[Given records]
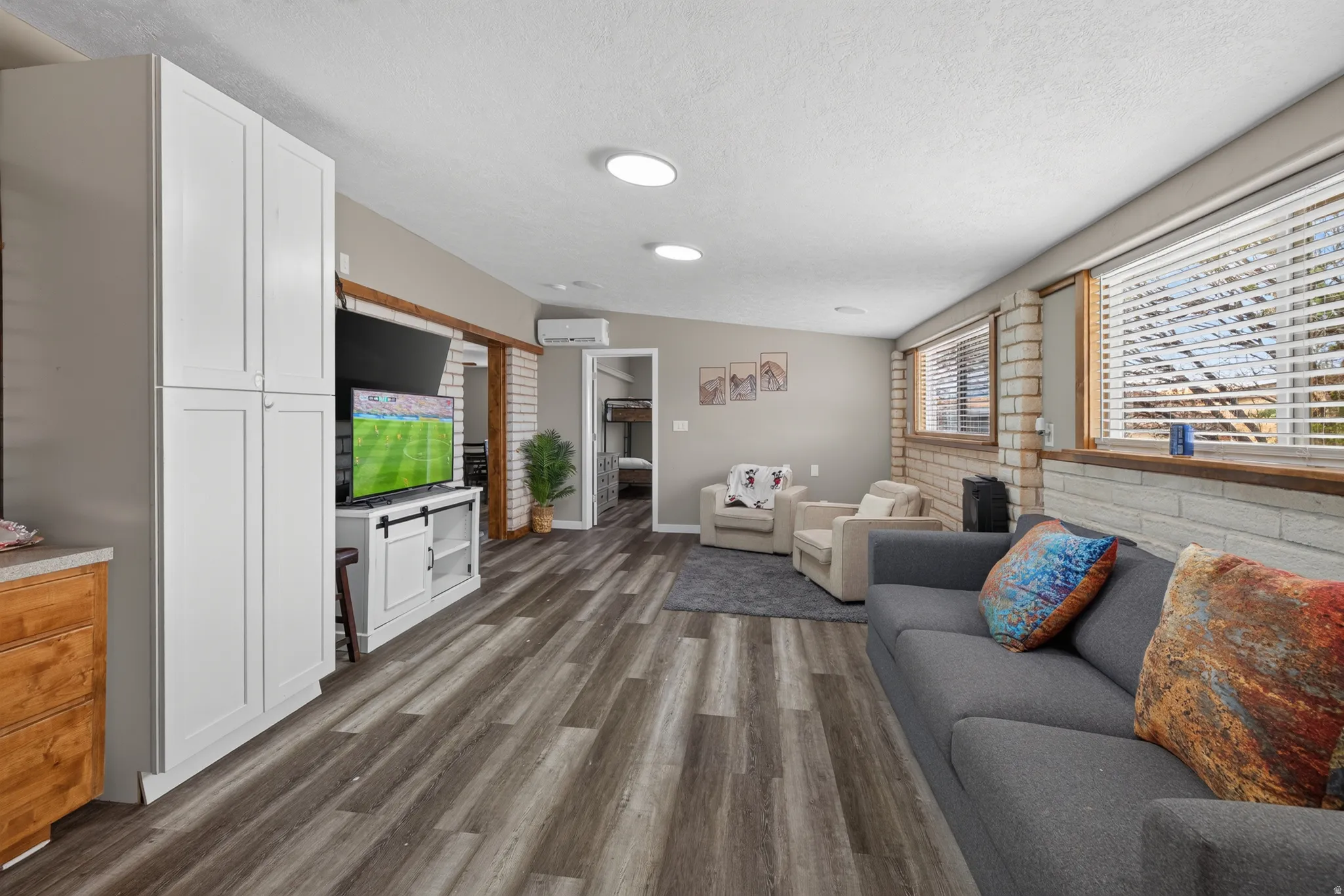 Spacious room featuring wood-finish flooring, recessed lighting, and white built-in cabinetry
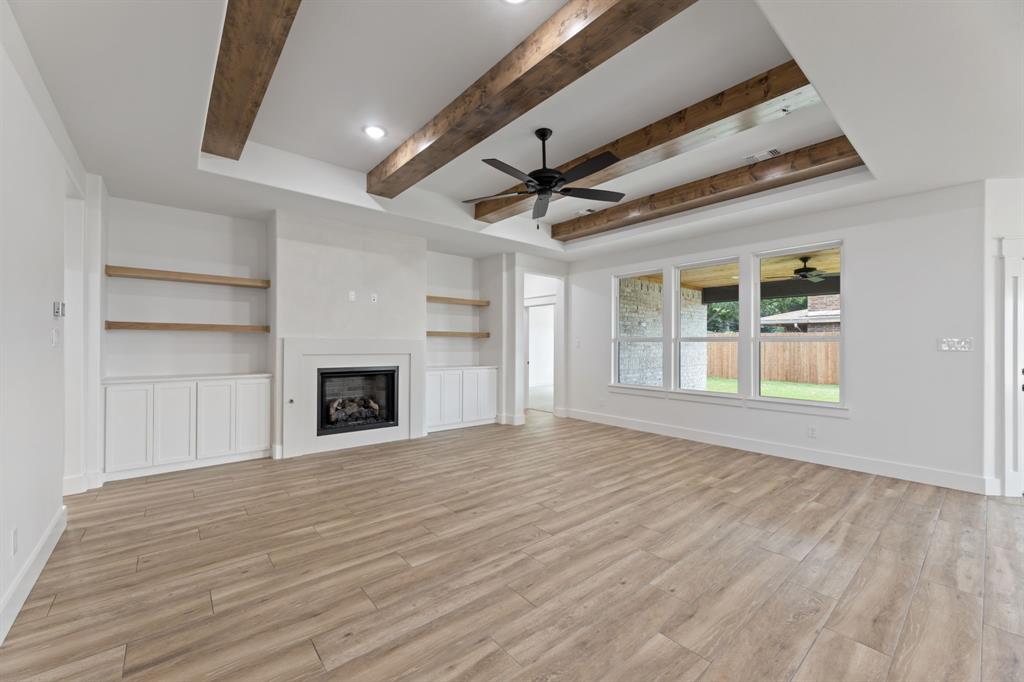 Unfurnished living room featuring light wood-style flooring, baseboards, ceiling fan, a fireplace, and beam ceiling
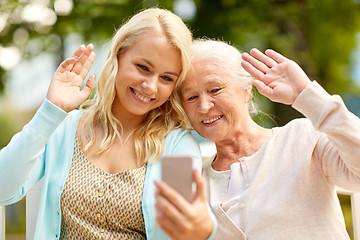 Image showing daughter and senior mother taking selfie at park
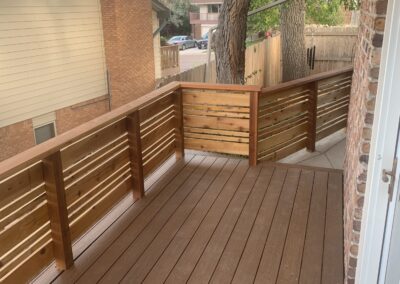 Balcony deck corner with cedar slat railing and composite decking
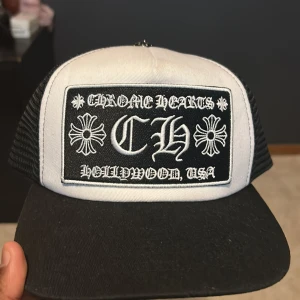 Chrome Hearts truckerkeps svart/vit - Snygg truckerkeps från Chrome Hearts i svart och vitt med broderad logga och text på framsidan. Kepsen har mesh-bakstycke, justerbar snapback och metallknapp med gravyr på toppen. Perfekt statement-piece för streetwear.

[Task prompt] Write out all the records again, exactly, minus any pictures.

[Result for this exercise]
 Spacious room featuring wood-finish flooring, recessed lighting, and white built-in cabinetry
 Unfurnished living room featuring light wood-style flooring, baseboards, ceiling fan, a fireplace, and beam ceiling
 Image showing daughter and senior mother taking selfie at park
 Balcony deck corner with cedar slat railing and composite decking
 Chrome Hearts truckerkeps svart/vit - Snygg truckerkeps från Chrome Hearts i svart och vitt med broderad logga och text på framsidan. Kepsen har mesh-bakstycke, justerbar snapback och metallknapp med gravyr på toppen. Perfekt statement-piece för streetwear.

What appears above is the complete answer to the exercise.